On the road with The Roadless Trip... Birmingham
The Roadless Trip by Sarah Woods toured around various community groups in and around Birmingham, from 25-27 June. Sarah Woods gives her account of this leg of the journey here:
As a Midlander by birth, it’s always good to come back. The landscape feels familiar, as does that odd sense of identity the Midlands has developed by being the place that Southerners say is in the north and Northerners say is in the south. With neither the bravado of the north or the assurance of the south, there’s something lovely about the down-to-earth acceptance of the Midlands. I lived in Birmingham for a number of years in my twenties, and had one of my first plays on at Birmingham REP, so I also have a huge soft spot for the city.

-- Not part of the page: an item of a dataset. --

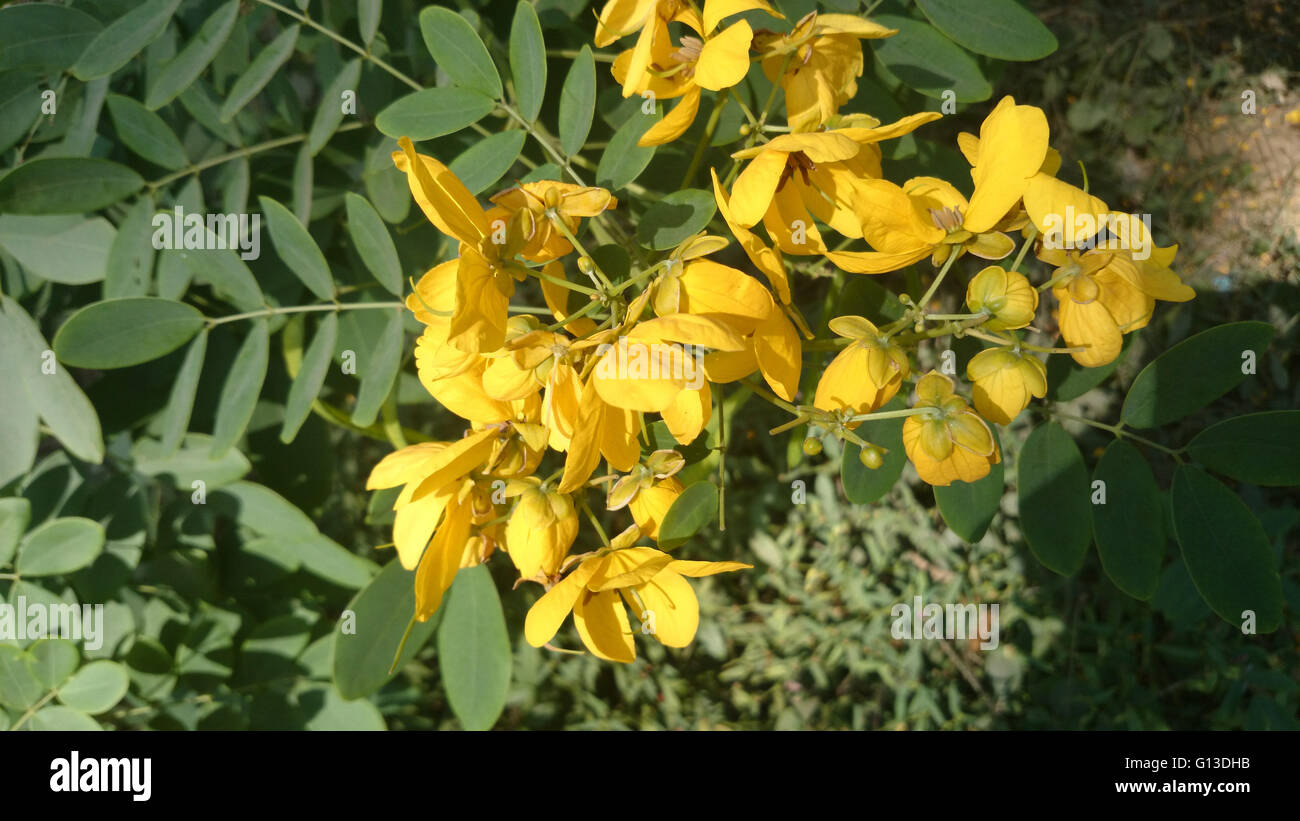 Senna, Senna lisse sulphurea, arbuste ou petit arbre de 4 à 6 paires de folioles ovées à elliptiques et fleurs orange vif Banque D'Images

One of the brilliant things about The Roadless Trip community tour, is that we take the show to community groups in their own spaces. We get to visit people on their own turf and see what it is they get up to. Our Birmingham tour took us to a really diverse range of community centres, support groups and housing projects – all with their own versions of the present – and hence the future.
While we have a sense of where we’re going with each performance – who we’ll be meeting and what their group is about, it’s always also a complete surprise. When we arrive.

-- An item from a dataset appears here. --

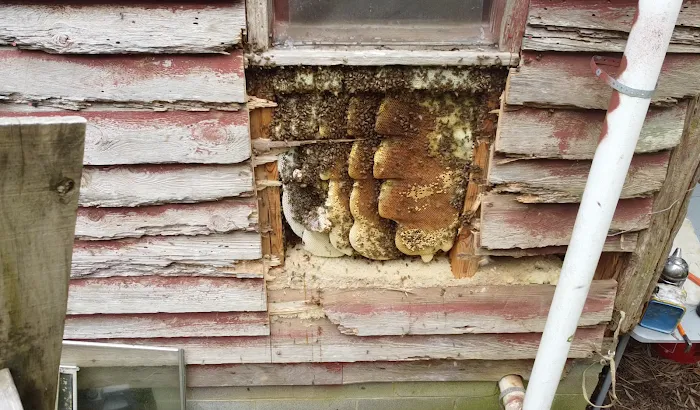 Foothills Bee Company Picture 3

We were treated with huge, characteristic warmth in Birmingham, never doing a get-in or get-out unaided.
We were also fed wherever we went. The AB+ HIV support centre laid on a Fareshare buffet – while we had a Fish and Chip Supper and Quiz night at Perry Common Community Centre, and a homemade, homegrown lunch at Kingstanding Community Food Project.
I learnt a huge amount, as I always do, from the people who talked to us after the shows. We talked a lot about change: how we deal with complex, world-shifting change in our own lives – and what lessons it gives us in dealing with complex global issues.
It reminded me, once again, that we are all of us experts. All of us carry within us life lessons that, if we’re lucky, we can tell as stories to help create a future that has at least learnt some of what the past has taught us.
While Aberystwyth saw John mount his own personal (accidental) badger cull and get a parking ticket, in Birmingham John was ILL. So much so that he missed his fish and chip supper. By the time we got to our final gig at the YMCA, he needed a little bit of a lie down.